• _DATA TO PROCESS_
=== Begin Enclosure ===

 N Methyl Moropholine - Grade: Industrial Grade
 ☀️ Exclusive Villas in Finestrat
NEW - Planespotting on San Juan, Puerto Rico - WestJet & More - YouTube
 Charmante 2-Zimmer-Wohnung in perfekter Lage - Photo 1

=== End Enclosure ===
=== Begin Enclosure ===

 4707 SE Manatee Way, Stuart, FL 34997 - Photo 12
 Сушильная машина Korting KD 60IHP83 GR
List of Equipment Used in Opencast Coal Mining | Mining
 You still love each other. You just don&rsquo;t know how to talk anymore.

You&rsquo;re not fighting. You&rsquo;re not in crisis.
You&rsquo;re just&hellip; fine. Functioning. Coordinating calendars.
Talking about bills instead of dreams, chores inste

=== End Enclosure ===
=== Begin Enclosure ===

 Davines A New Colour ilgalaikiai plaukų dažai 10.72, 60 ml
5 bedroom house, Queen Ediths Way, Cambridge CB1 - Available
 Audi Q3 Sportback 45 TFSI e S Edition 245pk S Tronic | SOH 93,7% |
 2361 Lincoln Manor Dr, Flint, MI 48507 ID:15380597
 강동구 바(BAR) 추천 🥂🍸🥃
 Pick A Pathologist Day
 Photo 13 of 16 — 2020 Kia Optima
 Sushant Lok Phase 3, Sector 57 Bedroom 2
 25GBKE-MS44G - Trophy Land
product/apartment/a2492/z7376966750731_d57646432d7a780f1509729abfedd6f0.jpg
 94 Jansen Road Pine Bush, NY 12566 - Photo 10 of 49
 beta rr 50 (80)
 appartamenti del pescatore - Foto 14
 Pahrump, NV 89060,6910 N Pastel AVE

=== End Enclosure ===

• _PROBLEM DETAILS_
Look above for the line with "25GBKE-MS44G - Trophy Land" and the line with "Pahrump, NV 89060,6910 N Pastel AVE". Write out those two lines and all the lines between them, exactly, and no others.

• _RESPONSE TO THIS TASK_
 25GBKE-MS44G - Trophy Land
product/apartment/a2492/z7376966750731_d57646432d7a780f1509729abfedd6f0.jpg
 94 Jansen Road Pine Bush, NY 12566 - Photo 10 of 49
 beta rr 50 (80)
 appartamenti del pescatore - Foto 14
 Pahrump, NV 89060,6910 N Pastel AVE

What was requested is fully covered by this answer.